# Similarity Functions in Item-Item CF

The core of an item-item collaborative filter is the *item similarity function*: a function of two items \(s(i,j): \mathcal{i}\times\mathcal{i} \to [-1,1]\) that measures how similar those items are.

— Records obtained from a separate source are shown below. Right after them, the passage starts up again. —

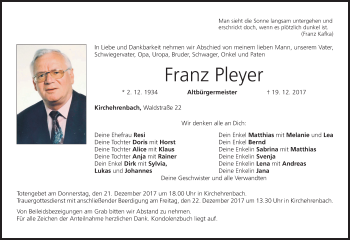 Anzeige von Franz Pleyer von MGO
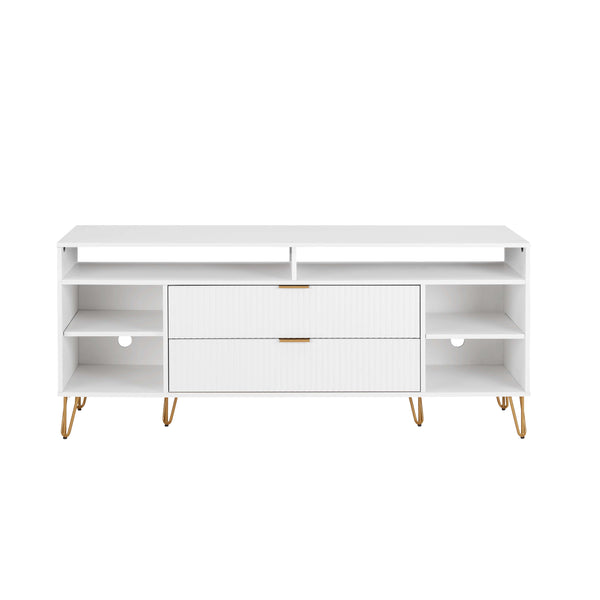 English Elm Dumbo 63" Fluted Media Console with Gold Legs, 2 Drawers, 6 Shelves & Wire Management Elegance White B365P397904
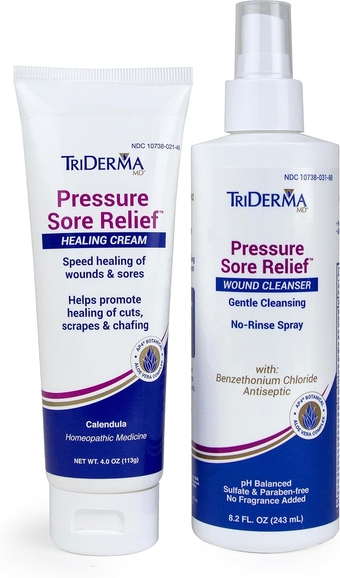 MD Pressure Sore Relief Healing Cream & Wound Cleanser - FSA Eligible - Bed Sores, Ulcers, Pressure Sores and Wounds Bundle, (1) 4 oz Tube, (1) 8.2 oz Spray Bottle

Common choices are vector similarity functions over the vectors of users’ ratings of each item, such as the cosine similarity or Pearson correlation.

Early on, Sarwar et al. tested a few choices:

The

*Pearson correlation*from statistics:\[ \frac{\sum{(r_{ui} - \mu_i) (r_{uj} - \mu_j)}}{\sqrt{\sum{(r_{ui} - \mu_i)^2}} \sqrt{\sum{(r_{uj} - \mu_j)^2}}} \]

The

*cosine similarity*between raw vectors:\[ \frac{\vec{r_i}\cdot\vec{r_j}}{\|\vec{r_i}\|_2\|\vec{r_j}\|_2} = \frac{\sum{r_{ui} r_{uj}}}{\sqrt{\sum{r_{ui}^2}} \sqrt{\sum{r_{uj}^2}}} \]

The

*adjusted cosine similarity*between vectors normalized by subtracting the user’s mean rating:\[ \frac{\vec{\hat{r}_i}\cdot\vec{\hat{r}_j}}{\|\vec{\hat{r}_i}\|_2\|\vec{\hat{r}_j}\|_2} = \frac{\sum{(r_{ui} - \mu_u) (r_{uj} - \mu_u)}}{\sqrt{\sum{(r_{ui} - \mu_u)^2}} \sqrt{\sum{(r_{uj} - \mu_u)^2}}} \]

They found adjusted cosine to work better, and so far as I know, it has been the dominant similarity function for rating-based item-item CF systems.